Mylène Goupil, Le Détonateur (SF)

Mylène Goupil
Le Détonateur
Montréal, Fides, 1992, 198 p.
Tenez vos tuques ! Ce roman, c’est du pas ordinaire ! Et surtout, ne vous attendez à rien de très régulier : la seule règle passe par l’imaginaire et l’originalité. Même l’intrigue y est subordonnée. Ne vous étonnez donc de rien et, surtout, ne lisez ce livre en public que si vous ne craignez pas de rire à gorge déployée devant tout le monde.
Justement, c’est de gorge dont il est question. Le maître de musique Stratocumulus n’est qu’un réparateur passant le plus clair de son temps à écouter son propre répondeur expliquer à d’éventuels clients qu’il est en voyage à Paris. Jusqu’au jour où Carlo Marconi, l’imprésario le plus en demande sur la planète, l’appelle pour lui demander un service.
La mission de maître Stratocumulus sera de guérir Merise, la chanteuse la plus populaire de l’année, qui souffre d’une extinction de voix peu banale : le sel des larmes ravalées par Merise s’est déposé sur les diamants de sa gorge et en ternissent l’éclat… N’avais-je pas dit qu’il fallait s’attendre à tout ?

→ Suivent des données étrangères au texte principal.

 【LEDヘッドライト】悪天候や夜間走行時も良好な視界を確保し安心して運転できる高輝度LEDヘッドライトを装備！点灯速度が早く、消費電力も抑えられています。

Après le succès de l’opération, Carlo Marconi recourt aux services du maître pour régler le problème du procureur Igor Gonzola, dont la célèbre corde vocale parvient à influencer tous ceux qui l’écoutent. Alors il vient à l’esprit de Stratocumulus de prendre à l’orateur sa corde vocale et de la remplacer par une corde métallique.
Mais la corde vocale du procureur ne suffit pas à maître Stratocumulus, il convoite aussi celles des plus grands chanteurs et des vedettes les plus populaires, puis décide d’entreprendre une carrière triomphale avec l’aide de l’imprésario Marconi.

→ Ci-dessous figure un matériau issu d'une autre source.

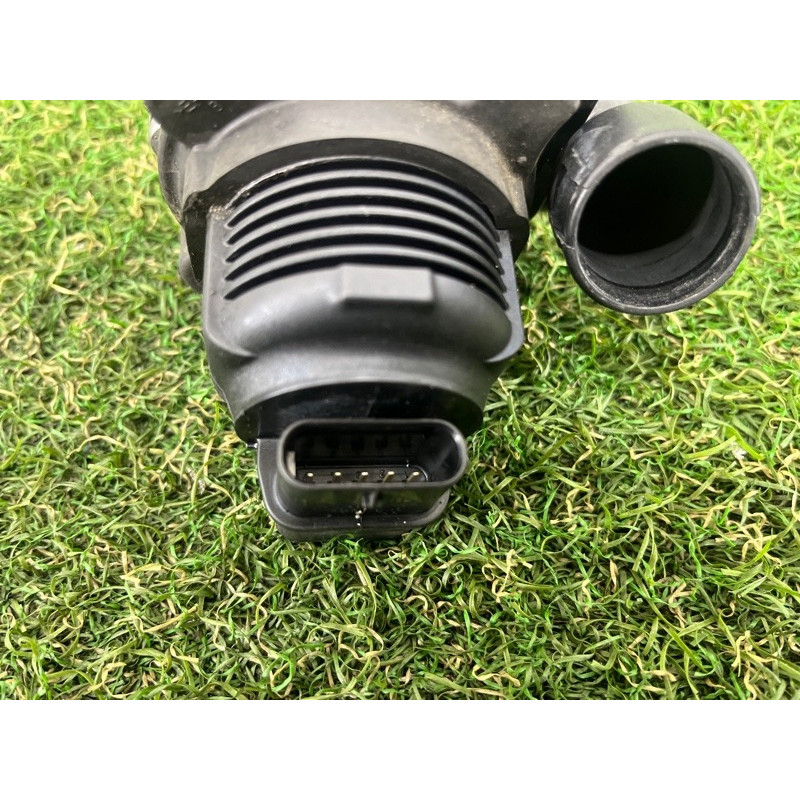 Клапан ЕГР (двигатель и элементы) AUDI A3 8V 2015 1.8 06K131097L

Bien que racontée d’une façon humoristique, l’histoire n’en demeure pas moins très sérieuse. L’auteure nous décrit une société cruelle régie par l’argent, où les procès sont des spectacles courus, où l’esclavage est permis et où la voix humaine sert à s’enrichir. Tout le monde veut être populaire, mais il n’est pas facile de devenir riche et célèbre quand on veut en plus améliorer le sort du monde, comme le souhaite maître Stratocumulus : il y a des choix à faire.
Pourtant, s’il n’en tenait qu’à cela, Le Détonateur ne se démarquerait guère d’autres romans qui l’ont précédé. Ce qui en fait une œuvre si intéressante, c’est le style de l’auteure. Elle arrive à nous faire rire ou sourire à toutes les pages, en jouant avec les tournures de phrase et en les prenant au pied de la lettre, de manière loufoque, en situant son histoire dans un monde fantaisiste évoquant celui des Loony Toons, avec ses ampoules timides, ses étagères chatouilleuses, ses guitares douées de sentiments…
C’est cet humour irrésistible, tout à fait absurde, qui fait du roman un vrai petit bijou. Et, curieusement, le côté drôle de l’histoire ne vient que renforcer le côté sérieux afin de rendre le message encore plus évident. Il est impossible de croire à ce monde et ses personnages, mais il est aisé de s’identifier à la situation. À la fin, on a beaucoup ri, certes, mais on en retire autre chose : une réflexion sur le pouvoir de la voix et sur le monde du show-business.